Nashville, TN (PRWEB) March 13, 2012
On Thursday, March 15, 2012 The Hermitage, Home of President Andrew Jackson is proud to celebrate the 245th birthday of President Andrew Jackson. Admission is HALF PRICE all day from 9:00 a.m. to 4:30 p.m.
The ceremony will begin at 10:00 a.m. with the traditional wreath-laying ceremony at Jackson’s tomb. The Honorable Bill Haslam, Governor of the State of Tennessee, will serve as keynote speaker. A military honor guard will place a wreath from the President of the United States on Andrew Jackson’s tomb in honor of his service to the nation. In addition, Andrew Jackson, VI, the three times great grandson of President Jackson, will make comments and sign autographs for kids later in the afternoon.

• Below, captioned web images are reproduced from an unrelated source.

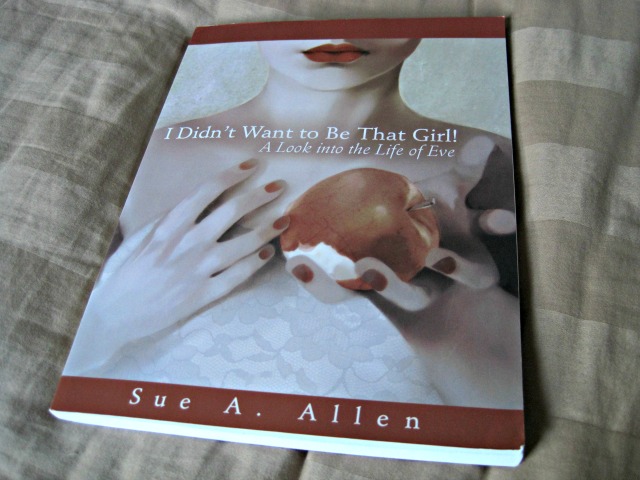 How often do we look at our lives and ask, "How did I get to be this?" Sue A Allen uncovers the deep pains in a female heart through her new study "I Didn't Want to Be That Girl: A Look into the Life of Eve." 
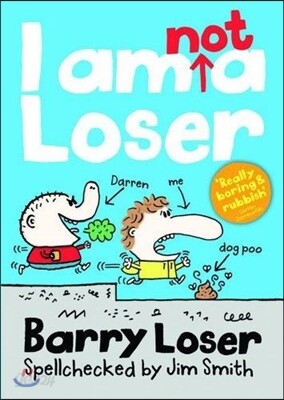 Barry Loser: I Am Not a Loser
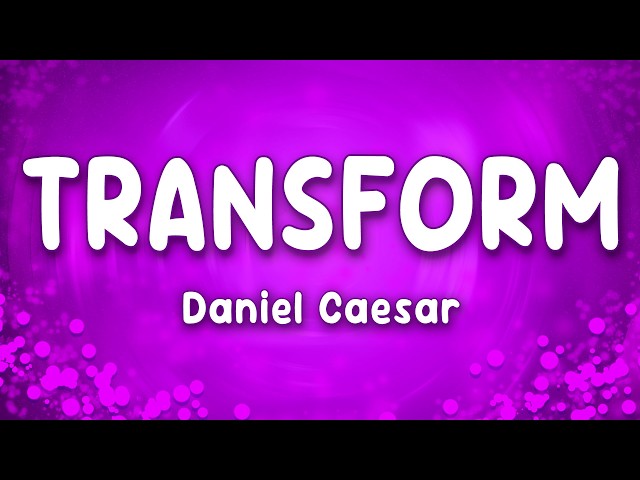 Daniel Caesar - Transform (Lyrics) ft. Charlotte Day Wilson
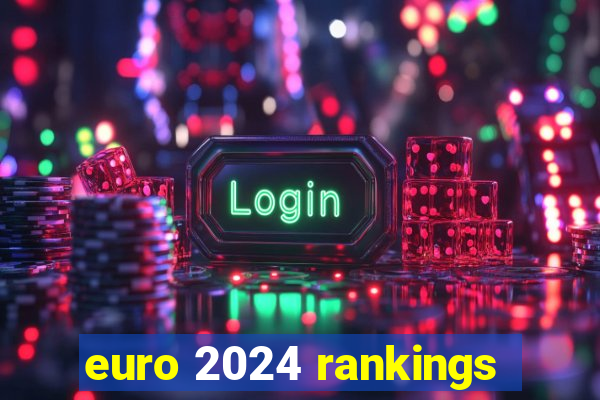 euro 2024 rankings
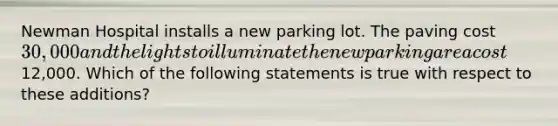 Newman Hospital installs a new parking lot. The paving cost 30,000 and the lights to illuminate the new parking area cost12,000. Which of the following statements is true with respect to these additions?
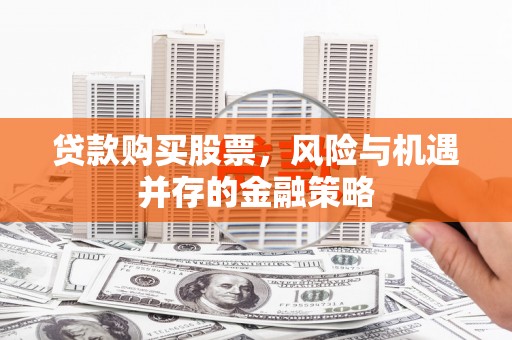 即墨贷款购买股票，风险与机遇并存的金融策略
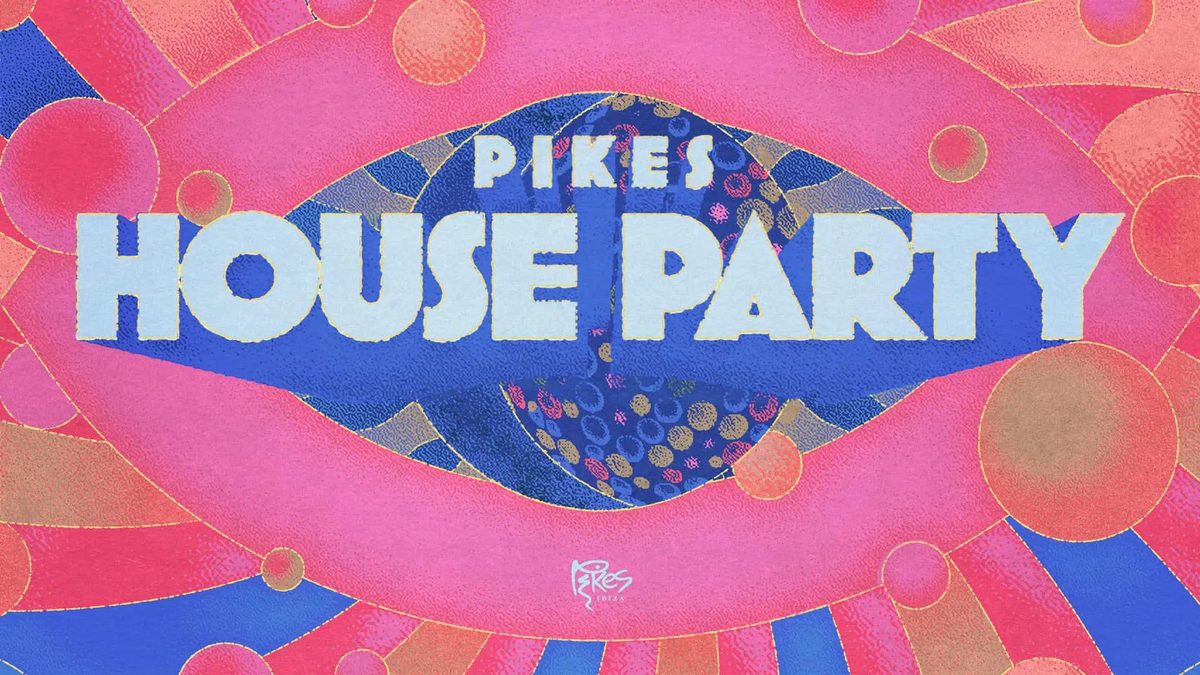 Source image — Pikes House Party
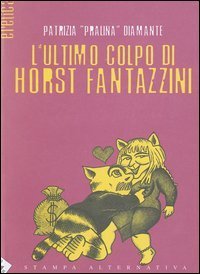 L'ultimo colpo di Horst Fantazzini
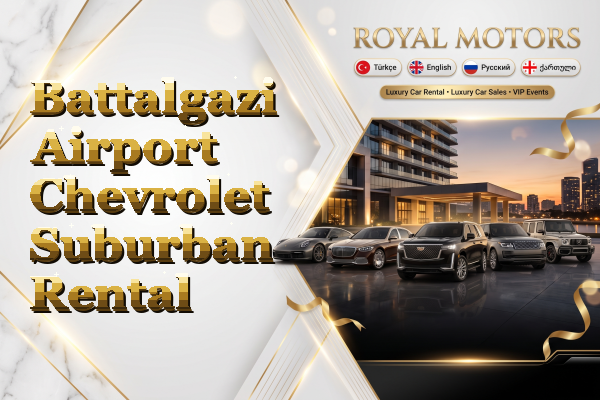 Battalgazi Airport Chevrolet Suburban Rental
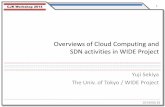 Overviews of Cloud Computing and SDN activities in …cfi2014.wide.ad.jp/wp-content/uploads/2014/06/05-Sekiya_U-Tokyo.pdf · Overviews of Cloud Computing and SDN activities in WIDE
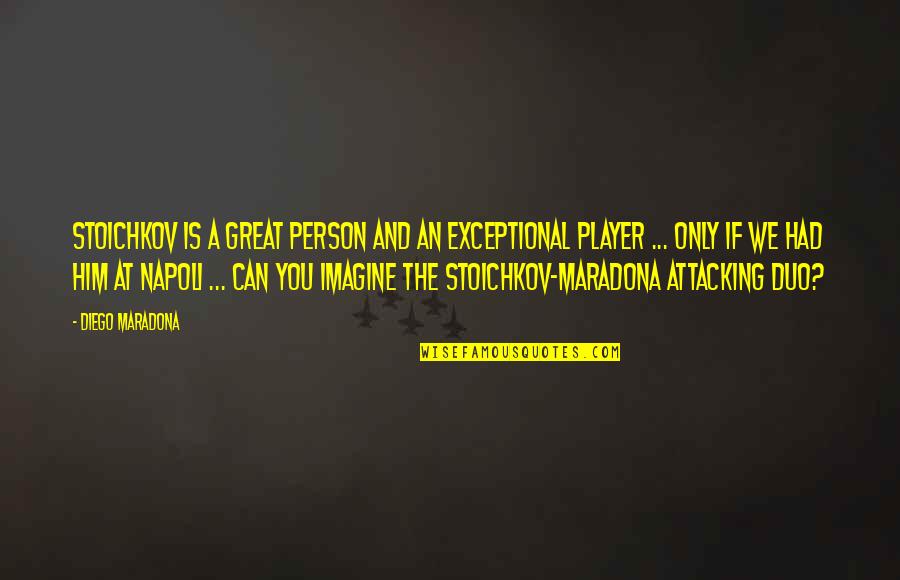 Diego Maradona Best Quotes By Diego Maradona: Stoichkov is a great person and an exceptional Diego Maradona Best Quotes By Diego Maradona: Stoichkov is a great person and an exceptional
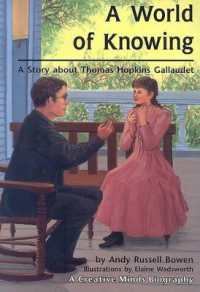 A World of Knowing : A Story about Thomas Hopkins Gallaudet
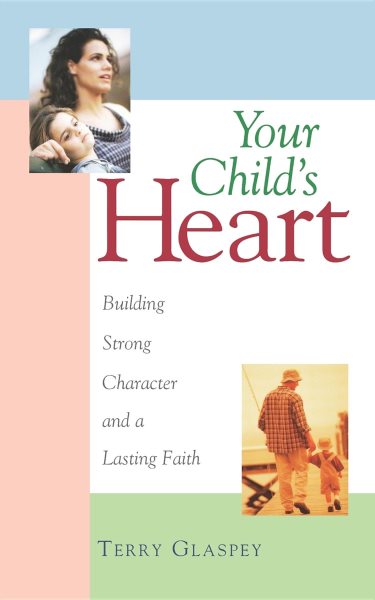 Your Child's Heart: Building Strong Character and a Lasting Faith cover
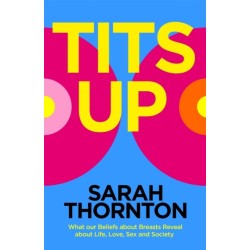 Tits Up: What Our Beliefs About Breasts Reveal About Life, Love, Sex and Society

Immediately following the ceremony, there will be birthday cake for visitors while supplies last.
The celebration will also feature children’s activities which will include Survivor: The War of 1812 game in our Education Building. For this activity, children will play the part of an important figure of the war and visit stations to make decisions based on circumstances the actual historical figure would have encountered. Costumed living historians will be on site as well to conduct military demonstrations throughout the day. These activities will complement the on-site wagon tours and audio tours for adults and children.
At 2:00 p.m., historian Tom Kanon from the Tennessee State Library & Archives, will present a talk entitled “Tennessee and the Declaration of the War of 1812” in the Andrew Jackson Center. Morning comments and Mr. Kanon’s lecture will underscore the theme of this year’s birthday event that focuses on the Bicentennial of the War of 1812 as well as complements a series of events taking place in Nashville this spring to begin the commemoration of the Bicentennial of the War of 1812.
The Tennessee State Museum will feature a new exhibit, “Becoming the Volunteer State: Tennessee in the War of 1812” and on Saturday, March 17th a free symposium “Tennessee, The Atlantic World, and the War of 1812” will be held at the Nashville Public Library. Featuring presentations and discussion from leading scholars on the War of 1812, the event is free and open to the public; however, attendees do need to register by emailing email@example.com. These events are sponsored by The Center for Historic Preservation at Middle Tennessee State University, the Tennessee Historical Society, the Tennessee State Museum, and Special Collections at the Nashville Public Library.
When you visit The Hermitage on Thursday, March 15th, make sure to pick up a program of events outlining the activities and special ceremonies at the site celebrating Jackson’s birthday. Programs will be available at the Andrew Jackson Visitor Center prior to viewing the orientation film, exhibit gallery and museum.
About The Hermitage:
The Hermitage, Home of President Andrew Jackson, is one of the largest and most visited presidential homes in the United States. In 1856, the State of Tennessee purchased the property from the Jackson family, entrusting it to the Ladies’ Hermitage Association in 1889 to operate as one of America’s first historic site museums. Today, The Hermitage is a 1,120-acre National Historic Landmark with over 30 historic buildings, including restored slave cabins. Thanks to efforts of this nonprofit organization, the mansion is the most accurately preserved early presidential home in the country. The Hermitage is a national model for authenticity, conservation, and historic preservation. In recent years, new interpretive initiatives and educational programs such as archaeology and the history of slavery have enhanced the experience of some 180,000 annual visitors, including 30,000 schoolchildren, from all 50 states and many foreign countries; in fact, we interpret the Hermitage mansion in five foreign languages. The property also receives 30,000 annual visits from the local community, including over 1,000 children who play Little League baseball at The Hermitage's Rotary Park. The Hermitage is a “Partner Place” with the National Trust for Historic Preservation; and a site along the National Park Service’s Trail of Tears National Historic Trail.